Without some kind of coordinating mechanism across the nation, data privacy could be governed by a potentially messy patchwork of different state and local privacy laws. In addition, these state laws, like the CCPA, may not even be constitutional. Indeed, in a new paper for the Federalist Society’s Regulatory Transparency Project, TechFreedom’s Ian Adams and I argue that the CCPA and similar proposed state and local data privacy laws raise a number of serious constitutional concerns.
To begin with, these laws may unfairly burden consumers and businesses outside of the state that enacted them, thus likely making them unconstitutional under the legal doctrine known as the Dormant Commerce Clause, one element of which generally prohibits states from regulating interstate commerce.
There are also potential First Amendment problems. Courts have ruled that First Amendment speech guarantees, while not absolute, require governments that limit speech to show they have a compelling interest in doing so—a very high standard to meet. In this case, any new data protection regulations—whether federal, state, or local—could place content-based restrictions on free expression (for example, by treating data differently depending on how it’s being used). Other free speech issues could arise when laws, in the name of protecting someone’s privacy, require digital platforms to delete others’ content or make information less available, such as a European Union–style right to be forgotten.
Finally, these laws could run afoul of existing federal statutes that regulate privacy in areas such as financial information, healthcare records, and children’s data. Some federal laws allow states to add their own privacy requirements, but in doing so these state laws could still create conflicts that make it difficult (if not impossible) to comply with both federal and state statutes. If a requirement in a state law ends up conflicting with one in a federal statute, then the federal requirement generally applies. This is owing to the Constitution’s Supremacy Clause, which generally prioritizes federal over state law. As a result, those parts of state and local data privacy laws that conflict with federal statutes could be voided by courts, making them less comprehensive than they may initially appear.
In addition to these constitutional issues, state data privacy laws are also raising broader policy questions. For instance, the highly regulatory CCPA law is a dramatic shift away from what, up to this point, has been a very light, or “permissionless,” federal regulatory policy, which generally allows firms to innovate without seeking government approval.

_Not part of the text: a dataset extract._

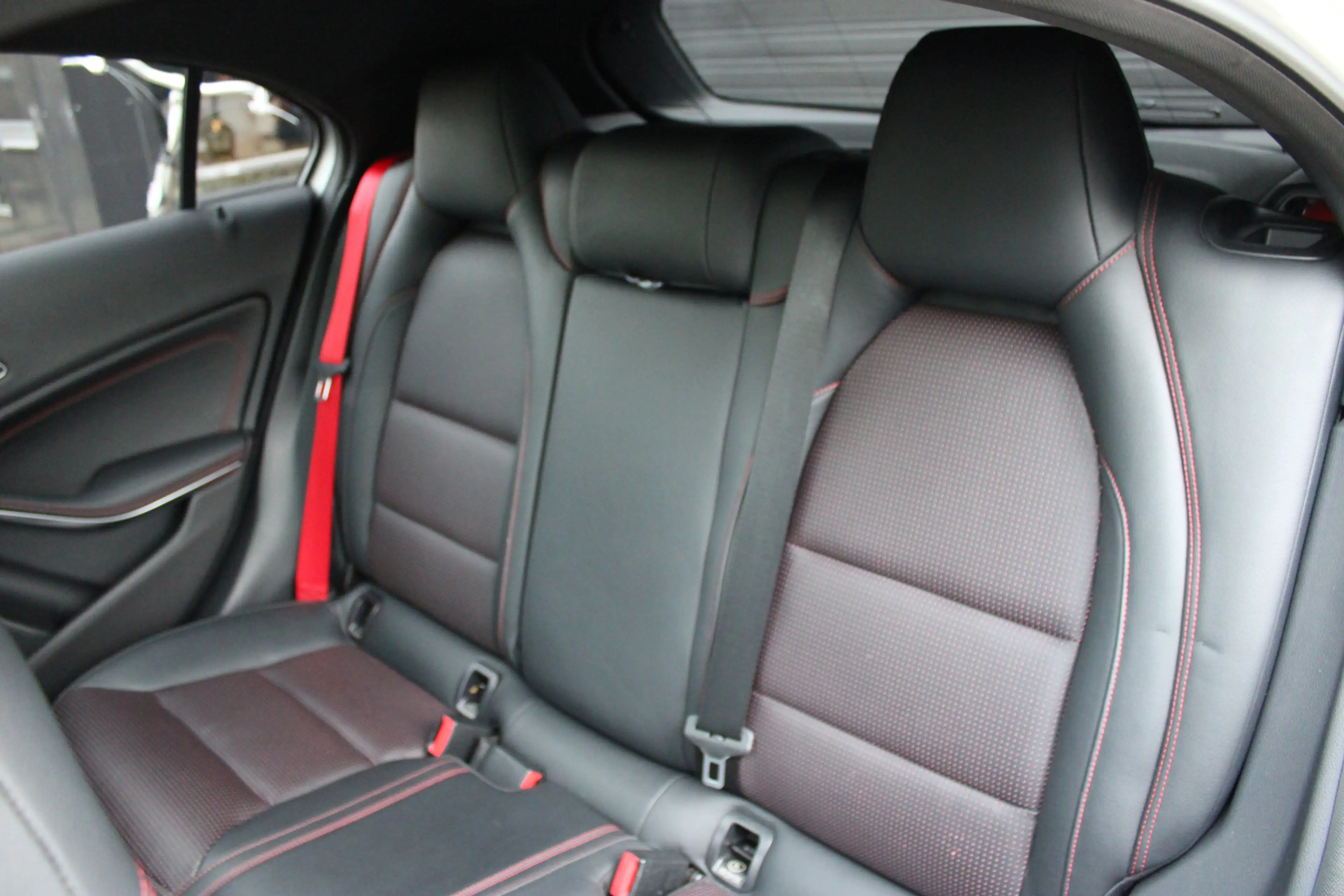 Mercedes-Benz A 45 AMG 4MATIC Edition 1 — photo 5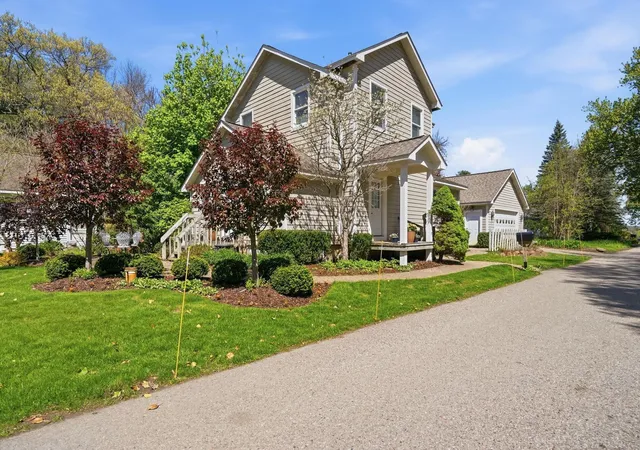 Homes for sale in Lake Orion, MI | 776 Heights Rd, Lake Orion, MI 48362 | MLS# 50209066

Changing this permissionless regulatory landscape could have a huge impact on the ability of the United States to continue being the leader in many technology areas going forward. Indeed, one huge reason the United States is the leader in innovation and the birthplace of most existing digital technologies is because of its permissionless federal approach to technology regulation, which dates back to the early days of the internet. A shift to a more regulatory approach could lock in big existing players (larger companies such as Facebook or Google) who are better able to absorb regulatory costs while placing insurmountable burdens on smaller upstarts. Additionally, regulations could eliminate options that some consumers prefer in favor of a one-size-fits all approach.
Instead of a state patchwork approach, a national framework for data privacy protection is a far better and constitutionally appropriate solution. But a national policy needs to clearly define the harms it seeks to address and balance any potential benefits from privacy protection with possible harms in areas such as free speech and innovation.
In the absence of congressional action, it is likely that more states will continue to consider and enact their own laws like the CCPA and that courts may soon have to grapple with the constitutional questions associated with them. Much easier would be to act on the federal level because of the borderless nature of data and the need by businesses and consumers for regulatory uniformity.